## Exercise aim
Nothing but the lines from the one with "2024년 중소기업 스마트서비스 지원사업 공고" through the end of the records may appear in the answer, each reproduced exactly, pictures omitted.

(Brief descriptive captions)
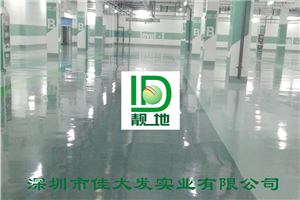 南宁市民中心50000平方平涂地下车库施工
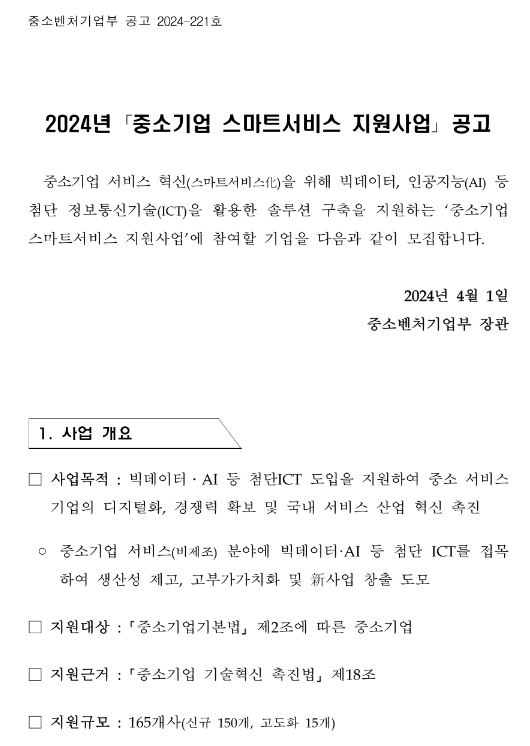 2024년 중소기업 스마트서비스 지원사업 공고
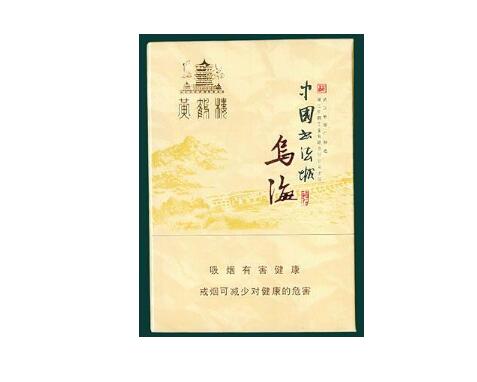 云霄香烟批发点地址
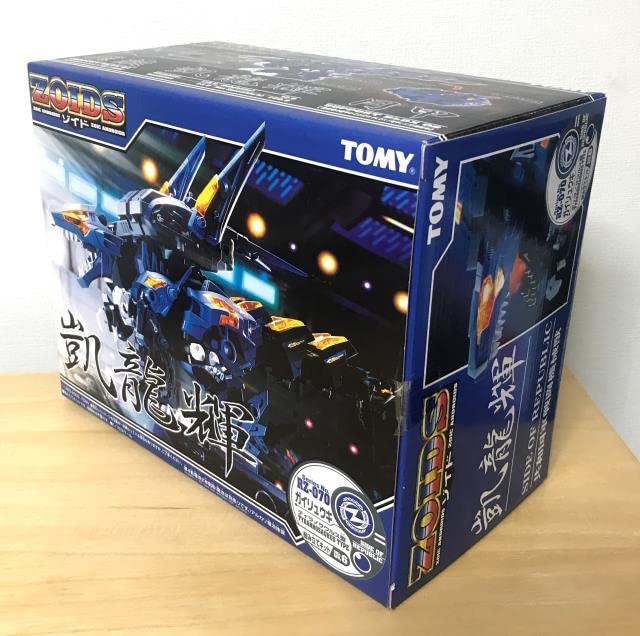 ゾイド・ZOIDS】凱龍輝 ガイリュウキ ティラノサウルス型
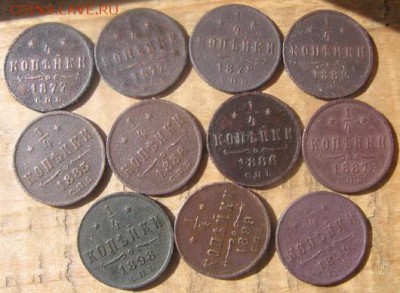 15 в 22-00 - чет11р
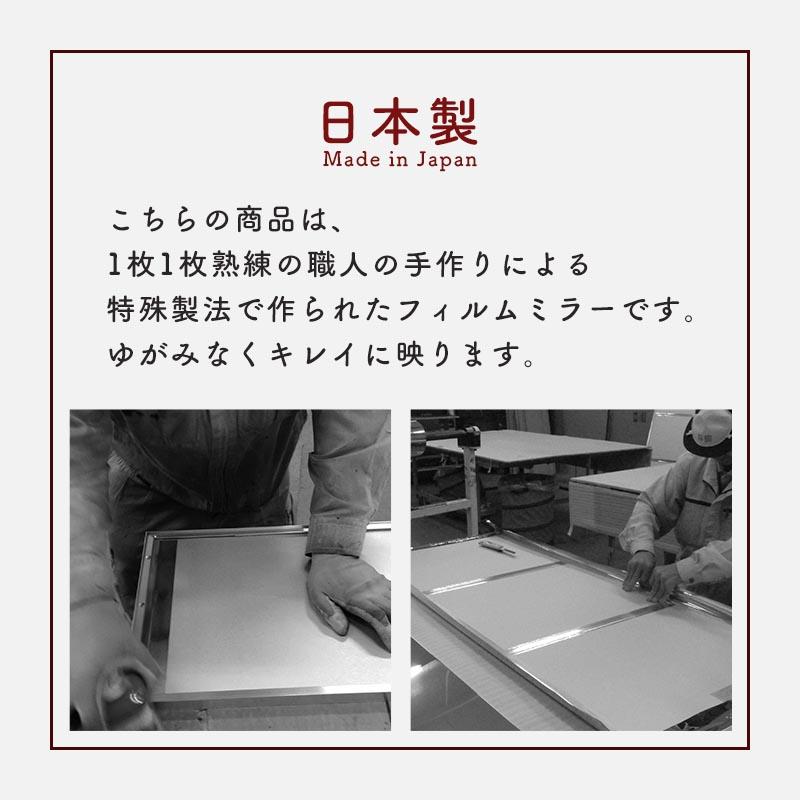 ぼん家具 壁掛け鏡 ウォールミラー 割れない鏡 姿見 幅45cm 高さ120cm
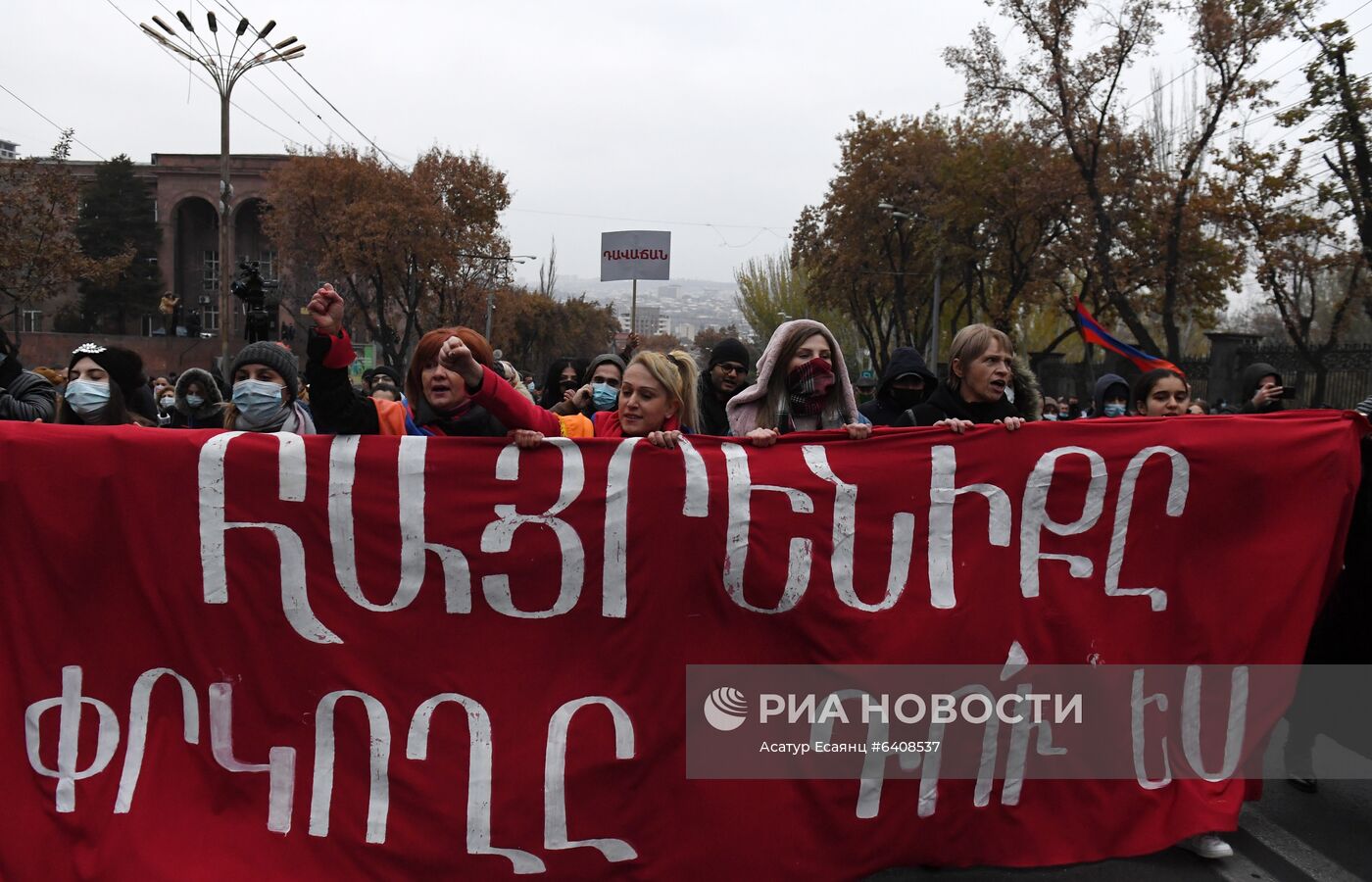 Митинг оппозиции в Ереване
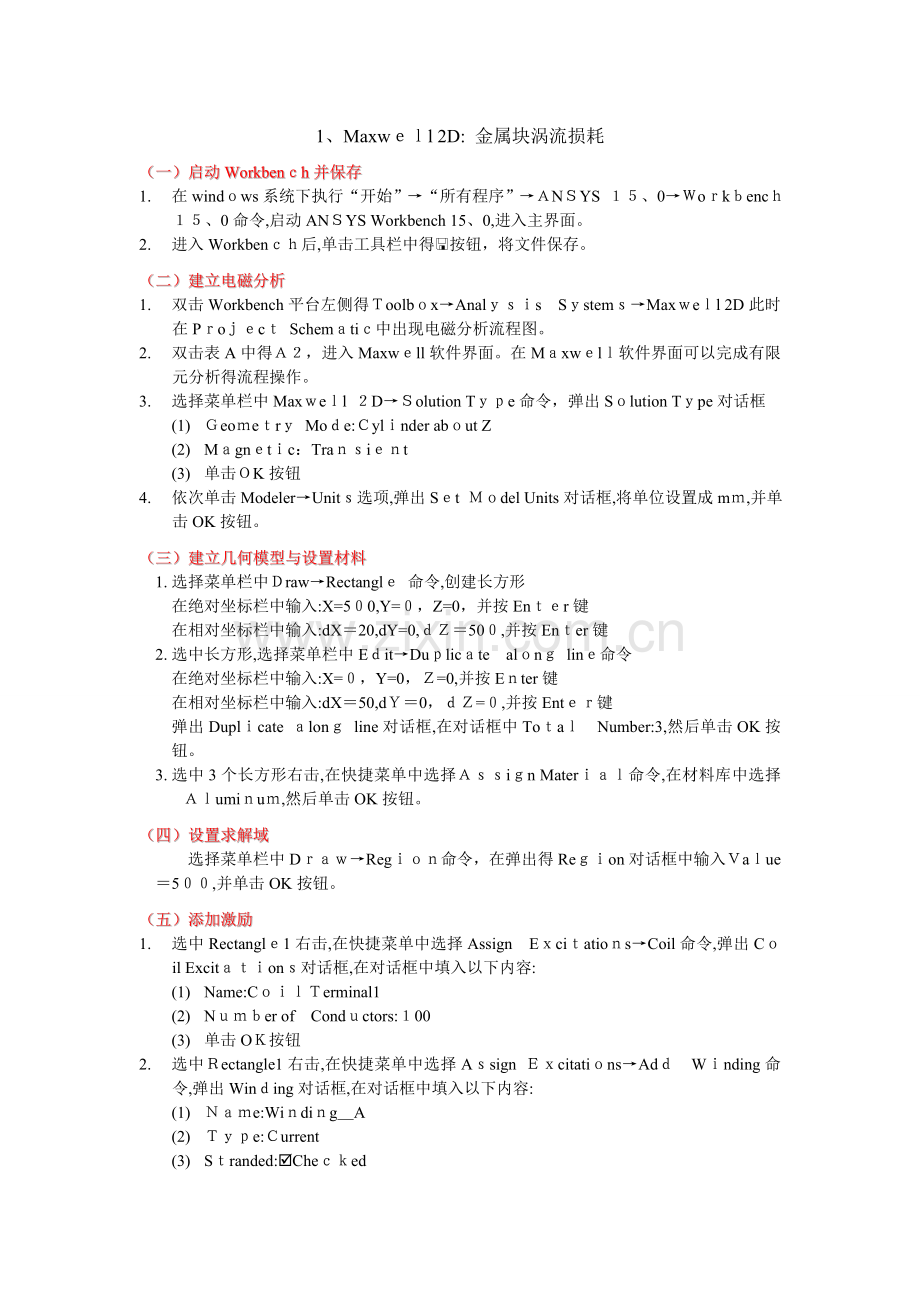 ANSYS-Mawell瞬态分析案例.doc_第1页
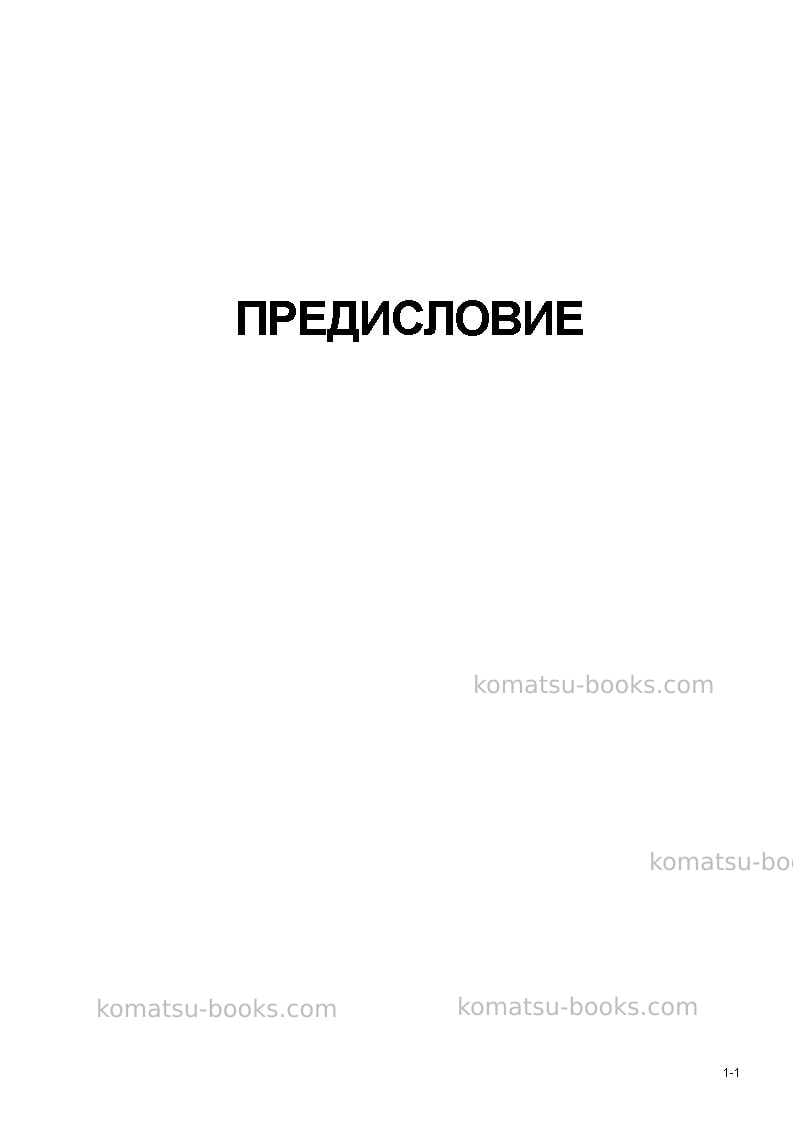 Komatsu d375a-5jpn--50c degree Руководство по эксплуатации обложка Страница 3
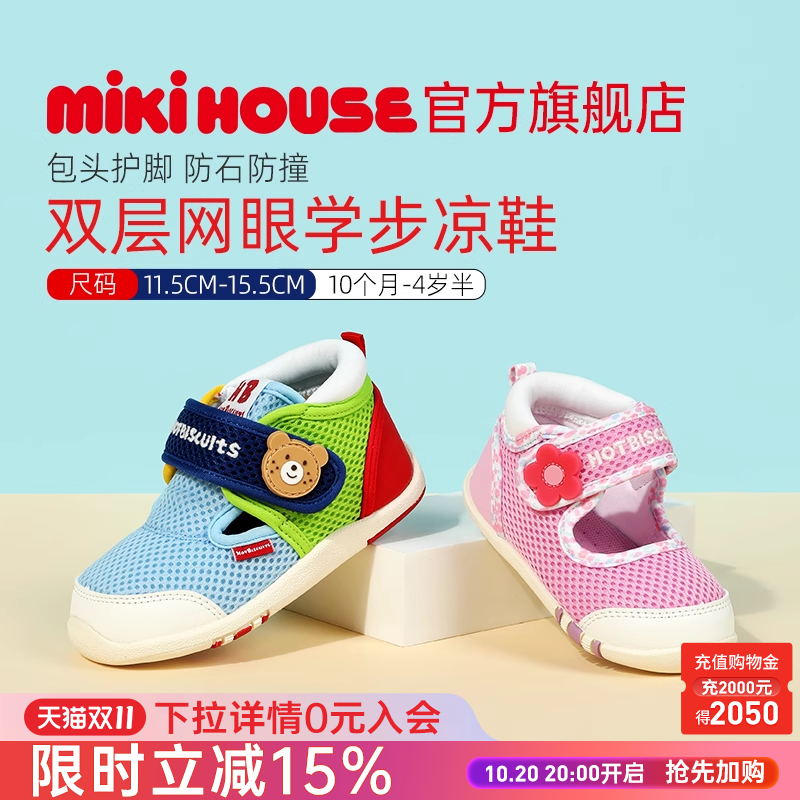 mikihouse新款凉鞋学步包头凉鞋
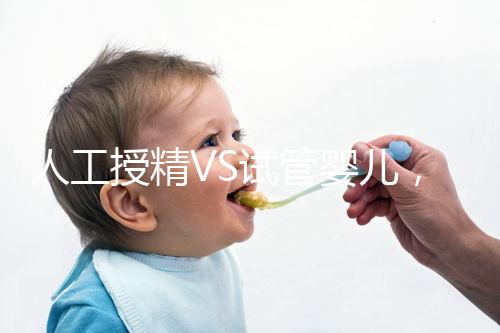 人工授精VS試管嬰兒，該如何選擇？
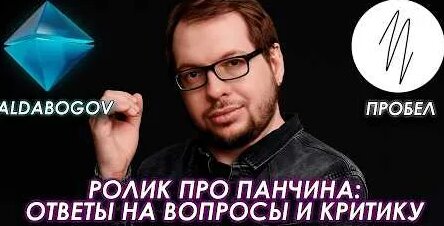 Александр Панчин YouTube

## Solution to this exercise
 2024년 중소기업 스마트서비스 지원사업 공고
 云霄香烟批发点地址
 ゾイド・ZOIDS】凱龍輝 ガイリュウキ ティラノサウルス型
 15 в 22-00 - чет11р
 ぼん家具 壁掛け鏡 ウォールミラー 割れない鏡 姿見 幅45cm 高さ120cm
 Митинг оппозиции в Ереване
 ANSYS-Mawell瞬态分析案例.doc_第1页
 Komatsu d375a-5jpn--50c degree Руководство по эксплуатации обложка Страница 3
 mikihouse新款凉鞋学步包头凉鞋
 人工授精VS試管嬰兒，該如何選擇？
 Александр Панчин YouTube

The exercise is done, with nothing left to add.